Ya he was recently constipated so I had to pull him off food for 3 days and then started feeding him cooked peas once a day for two days. He finally pooped which was yesterday. I started feeding him normal food but I was going to ease him back so he doesnt constipate again.

I think before I do anything with salt, I will pull the apple snail because I dont think they like salt. I did a 25% water change last night and a 25% change this morning....Should I still do a 100% ?



Sunstar said:


> Bettas can respond to salt well.
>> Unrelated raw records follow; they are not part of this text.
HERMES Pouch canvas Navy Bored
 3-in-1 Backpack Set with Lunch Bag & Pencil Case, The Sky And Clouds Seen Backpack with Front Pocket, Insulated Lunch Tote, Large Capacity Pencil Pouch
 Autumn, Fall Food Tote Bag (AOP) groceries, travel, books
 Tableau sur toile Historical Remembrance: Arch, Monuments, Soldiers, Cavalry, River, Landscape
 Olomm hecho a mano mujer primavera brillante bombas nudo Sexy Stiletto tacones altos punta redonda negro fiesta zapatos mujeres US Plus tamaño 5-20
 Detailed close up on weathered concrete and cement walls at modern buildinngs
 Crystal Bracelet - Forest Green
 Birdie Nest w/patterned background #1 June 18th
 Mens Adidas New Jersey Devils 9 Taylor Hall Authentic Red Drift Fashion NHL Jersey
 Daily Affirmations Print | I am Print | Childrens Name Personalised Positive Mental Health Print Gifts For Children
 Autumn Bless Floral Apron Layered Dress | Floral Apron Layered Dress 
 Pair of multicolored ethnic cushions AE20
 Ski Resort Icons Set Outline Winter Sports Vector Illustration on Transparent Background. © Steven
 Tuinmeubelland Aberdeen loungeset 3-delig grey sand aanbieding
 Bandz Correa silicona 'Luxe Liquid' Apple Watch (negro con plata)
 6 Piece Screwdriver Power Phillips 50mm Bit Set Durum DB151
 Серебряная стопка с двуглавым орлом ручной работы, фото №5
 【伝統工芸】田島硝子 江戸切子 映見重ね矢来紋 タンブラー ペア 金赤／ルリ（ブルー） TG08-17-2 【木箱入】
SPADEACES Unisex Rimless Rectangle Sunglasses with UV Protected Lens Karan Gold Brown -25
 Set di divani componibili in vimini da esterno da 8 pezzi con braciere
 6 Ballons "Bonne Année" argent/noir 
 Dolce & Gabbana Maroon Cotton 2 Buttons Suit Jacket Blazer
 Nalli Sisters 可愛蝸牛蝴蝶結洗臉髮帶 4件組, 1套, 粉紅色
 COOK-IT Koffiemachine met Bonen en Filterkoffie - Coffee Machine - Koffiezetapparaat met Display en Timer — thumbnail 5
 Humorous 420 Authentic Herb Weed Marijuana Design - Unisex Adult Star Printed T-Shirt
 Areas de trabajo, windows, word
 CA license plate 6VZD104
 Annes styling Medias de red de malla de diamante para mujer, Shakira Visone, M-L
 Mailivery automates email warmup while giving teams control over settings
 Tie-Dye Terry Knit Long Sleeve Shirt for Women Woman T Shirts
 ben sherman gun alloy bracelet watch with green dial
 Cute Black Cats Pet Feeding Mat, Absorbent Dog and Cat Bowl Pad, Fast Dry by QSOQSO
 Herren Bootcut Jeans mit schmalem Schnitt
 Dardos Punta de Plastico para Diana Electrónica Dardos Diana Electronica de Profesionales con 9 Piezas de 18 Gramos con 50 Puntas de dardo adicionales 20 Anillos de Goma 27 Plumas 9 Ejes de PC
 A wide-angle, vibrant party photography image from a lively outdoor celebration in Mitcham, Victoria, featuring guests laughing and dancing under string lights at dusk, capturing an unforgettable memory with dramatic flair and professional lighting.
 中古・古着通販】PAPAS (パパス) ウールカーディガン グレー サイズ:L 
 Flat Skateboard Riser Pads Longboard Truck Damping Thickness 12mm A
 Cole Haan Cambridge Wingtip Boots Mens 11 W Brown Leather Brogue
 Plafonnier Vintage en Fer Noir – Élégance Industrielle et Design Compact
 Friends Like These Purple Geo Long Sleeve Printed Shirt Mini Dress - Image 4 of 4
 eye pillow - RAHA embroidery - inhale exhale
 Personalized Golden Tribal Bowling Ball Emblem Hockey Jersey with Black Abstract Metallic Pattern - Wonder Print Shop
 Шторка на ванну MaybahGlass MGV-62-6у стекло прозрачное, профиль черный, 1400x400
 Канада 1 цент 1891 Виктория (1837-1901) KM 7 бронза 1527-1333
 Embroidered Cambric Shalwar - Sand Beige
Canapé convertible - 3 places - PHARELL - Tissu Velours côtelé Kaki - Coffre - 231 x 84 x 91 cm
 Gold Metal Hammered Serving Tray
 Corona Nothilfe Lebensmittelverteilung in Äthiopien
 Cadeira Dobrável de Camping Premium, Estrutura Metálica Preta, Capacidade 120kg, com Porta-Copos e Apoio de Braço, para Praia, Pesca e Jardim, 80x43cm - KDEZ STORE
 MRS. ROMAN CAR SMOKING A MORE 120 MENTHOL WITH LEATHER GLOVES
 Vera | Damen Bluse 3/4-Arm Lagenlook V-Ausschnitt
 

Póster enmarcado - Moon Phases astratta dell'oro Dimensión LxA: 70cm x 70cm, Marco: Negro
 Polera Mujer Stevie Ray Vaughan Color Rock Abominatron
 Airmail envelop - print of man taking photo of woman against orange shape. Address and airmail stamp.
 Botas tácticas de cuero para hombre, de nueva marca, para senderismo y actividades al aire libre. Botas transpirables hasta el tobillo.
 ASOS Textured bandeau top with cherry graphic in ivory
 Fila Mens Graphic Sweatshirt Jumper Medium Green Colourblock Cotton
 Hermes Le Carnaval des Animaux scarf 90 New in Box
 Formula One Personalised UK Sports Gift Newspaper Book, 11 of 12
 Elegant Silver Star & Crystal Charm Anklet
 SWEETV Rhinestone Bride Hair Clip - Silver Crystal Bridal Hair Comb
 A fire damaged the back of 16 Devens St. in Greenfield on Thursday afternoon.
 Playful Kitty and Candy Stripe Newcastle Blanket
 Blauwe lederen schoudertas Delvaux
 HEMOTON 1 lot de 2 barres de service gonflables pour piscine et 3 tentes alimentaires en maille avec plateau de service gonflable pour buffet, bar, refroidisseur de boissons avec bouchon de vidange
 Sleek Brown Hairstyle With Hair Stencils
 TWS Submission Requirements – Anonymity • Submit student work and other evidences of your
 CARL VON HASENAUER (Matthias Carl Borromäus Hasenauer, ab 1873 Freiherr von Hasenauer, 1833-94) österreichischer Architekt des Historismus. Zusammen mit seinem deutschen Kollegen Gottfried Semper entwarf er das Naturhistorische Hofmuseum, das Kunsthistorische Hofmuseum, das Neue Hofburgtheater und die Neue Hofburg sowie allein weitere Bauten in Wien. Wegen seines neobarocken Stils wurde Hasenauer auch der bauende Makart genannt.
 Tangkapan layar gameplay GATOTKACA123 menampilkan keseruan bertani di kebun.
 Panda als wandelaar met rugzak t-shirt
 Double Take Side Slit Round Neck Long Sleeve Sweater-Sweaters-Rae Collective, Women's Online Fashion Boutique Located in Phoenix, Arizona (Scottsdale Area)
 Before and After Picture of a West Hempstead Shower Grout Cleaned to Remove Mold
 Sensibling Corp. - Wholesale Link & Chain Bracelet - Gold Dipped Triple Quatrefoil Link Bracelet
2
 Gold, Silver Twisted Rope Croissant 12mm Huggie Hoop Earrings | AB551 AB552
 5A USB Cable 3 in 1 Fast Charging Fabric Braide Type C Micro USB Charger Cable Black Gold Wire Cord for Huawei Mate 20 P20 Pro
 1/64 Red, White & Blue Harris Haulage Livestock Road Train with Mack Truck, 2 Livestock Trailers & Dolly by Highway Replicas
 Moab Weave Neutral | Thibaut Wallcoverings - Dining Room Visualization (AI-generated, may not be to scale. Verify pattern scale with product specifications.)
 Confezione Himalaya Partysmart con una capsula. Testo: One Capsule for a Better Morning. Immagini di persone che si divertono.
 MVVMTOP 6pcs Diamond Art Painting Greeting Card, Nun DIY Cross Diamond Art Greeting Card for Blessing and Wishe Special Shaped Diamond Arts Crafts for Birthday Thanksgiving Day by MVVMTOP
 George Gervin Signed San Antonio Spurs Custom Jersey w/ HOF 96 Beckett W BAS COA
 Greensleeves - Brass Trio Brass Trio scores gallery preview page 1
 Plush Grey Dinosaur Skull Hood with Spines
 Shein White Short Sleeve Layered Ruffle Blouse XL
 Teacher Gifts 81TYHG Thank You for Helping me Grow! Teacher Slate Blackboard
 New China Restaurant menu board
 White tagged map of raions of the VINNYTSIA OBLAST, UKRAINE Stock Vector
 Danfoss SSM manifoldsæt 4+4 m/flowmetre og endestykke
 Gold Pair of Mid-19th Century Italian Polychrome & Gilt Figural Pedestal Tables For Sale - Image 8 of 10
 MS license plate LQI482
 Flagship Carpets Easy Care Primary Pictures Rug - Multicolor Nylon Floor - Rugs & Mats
They don't mind it. If he's in a bowl do 100% water changed daily with treated temperature corrected water. Use about a teaspoon per gallon of water. Keep him clean and give him a bit more food (as in feed him an extra feeding a day). he looks kinda lanky.


----------



## overleaf (Feb 1, 2009)

svtcontour said:


> Ya he was recently constipated so I had to pull him off food for 3 days and then started feeding him cooked peas once a day for two days. He finally pooped which was yesterday. I started feeding him normal food but I was going to ease him back so he doesnt constipate again.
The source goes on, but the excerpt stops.